Doch die Idylle täuschte. Eine Woche nach Amtsantritt holten Brasilien die Geister der Vergangenheit wieder ein. 3000 radikale Anhänger des abgewählten Präsidenten Bolsonaro stürmten das Regierungsviertel. Sie verwüsteten den Kongress, das Präsidialamt und den Obersten Gerichtshof. Und sie forderten einen Militärputsch, um Lula aus dem Amt zu befördern. „Zwei Jahre haben wir gefürchtet, dass es auch in Brasilien zu einem Sturm auf das Kapitol kommen könnte“, sagt der Politologe Bruno Carazza von der Dom-Cabral-Stiftung in São Paulo. „Nun ist es eingetreten.“
Die Polizei schaute zu, während die Situation eskalierte. Erst nach drei Stunden beendeten Sonderkräfte der Polizei das chaotische Treiben.
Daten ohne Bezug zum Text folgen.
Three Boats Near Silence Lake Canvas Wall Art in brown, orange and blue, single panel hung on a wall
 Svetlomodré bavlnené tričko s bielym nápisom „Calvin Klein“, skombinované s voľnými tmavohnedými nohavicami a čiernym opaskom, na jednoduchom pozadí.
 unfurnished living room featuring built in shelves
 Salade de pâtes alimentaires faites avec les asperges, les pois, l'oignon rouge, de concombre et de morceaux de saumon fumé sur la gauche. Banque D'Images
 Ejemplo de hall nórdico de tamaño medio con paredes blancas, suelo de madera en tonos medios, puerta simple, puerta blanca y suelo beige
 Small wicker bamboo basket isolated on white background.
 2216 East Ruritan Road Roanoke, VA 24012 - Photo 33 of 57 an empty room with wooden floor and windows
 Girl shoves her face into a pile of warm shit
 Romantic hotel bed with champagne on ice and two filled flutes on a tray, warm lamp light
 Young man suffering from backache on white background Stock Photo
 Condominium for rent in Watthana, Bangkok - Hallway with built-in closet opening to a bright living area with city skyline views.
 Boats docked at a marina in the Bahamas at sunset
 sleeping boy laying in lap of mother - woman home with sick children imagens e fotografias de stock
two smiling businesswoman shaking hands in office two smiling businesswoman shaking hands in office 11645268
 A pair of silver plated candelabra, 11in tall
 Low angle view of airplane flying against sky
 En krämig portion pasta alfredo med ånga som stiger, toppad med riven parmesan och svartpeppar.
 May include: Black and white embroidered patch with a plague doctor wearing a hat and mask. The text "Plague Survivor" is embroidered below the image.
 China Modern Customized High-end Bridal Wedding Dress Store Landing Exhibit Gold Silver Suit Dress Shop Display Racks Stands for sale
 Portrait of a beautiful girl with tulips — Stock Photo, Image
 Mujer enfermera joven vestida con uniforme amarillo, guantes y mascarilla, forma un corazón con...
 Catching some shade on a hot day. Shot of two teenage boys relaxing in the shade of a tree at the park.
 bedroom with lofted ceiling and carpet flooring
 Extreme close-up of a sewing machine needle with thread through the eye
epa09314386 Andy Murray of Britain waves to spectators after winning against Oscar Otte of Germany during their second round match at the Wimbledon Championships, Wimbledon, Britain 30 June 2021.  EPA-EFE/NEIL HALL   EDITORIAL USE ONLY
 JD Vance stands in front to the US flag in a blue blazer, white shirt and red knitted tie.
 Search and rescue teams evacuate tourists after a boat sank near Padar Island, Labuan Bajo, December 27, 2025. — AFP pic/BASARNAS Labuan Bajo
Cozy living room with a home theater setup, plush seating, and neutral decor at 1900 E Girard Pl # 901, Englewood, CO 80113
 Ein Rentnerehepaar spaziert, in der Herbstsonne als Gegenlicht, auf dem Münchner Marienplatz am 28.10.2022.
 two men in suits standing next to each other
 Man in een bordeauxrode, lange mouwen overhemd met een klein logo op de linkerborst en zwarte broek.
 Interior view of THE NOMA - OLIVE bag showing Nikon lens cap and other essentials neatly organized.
Das Militär stützt Bolsonaro
Die Militärs wie die Sicherheitskräfte Brasiliens insgesamt stehen bis heute mehrheitlich hinter dem Ex-Hauptmann Bolsonaro – obwohl der sich nach der Niederlage an den Urnen vollständig aus der Öffentlichkeit zurückgezogen hatte. Am 30. Dezember war Bolsonaro sogar nach Florida geflogen, um nicht an der Amtsübergabezeremonie teilnehmen zu müssen, wie er sagte – aber auch, so hieß es vor Silvester, um nicht für eventuelle Ausschreitungen seiner Anhänger verantwortlich gemacht werden zu können.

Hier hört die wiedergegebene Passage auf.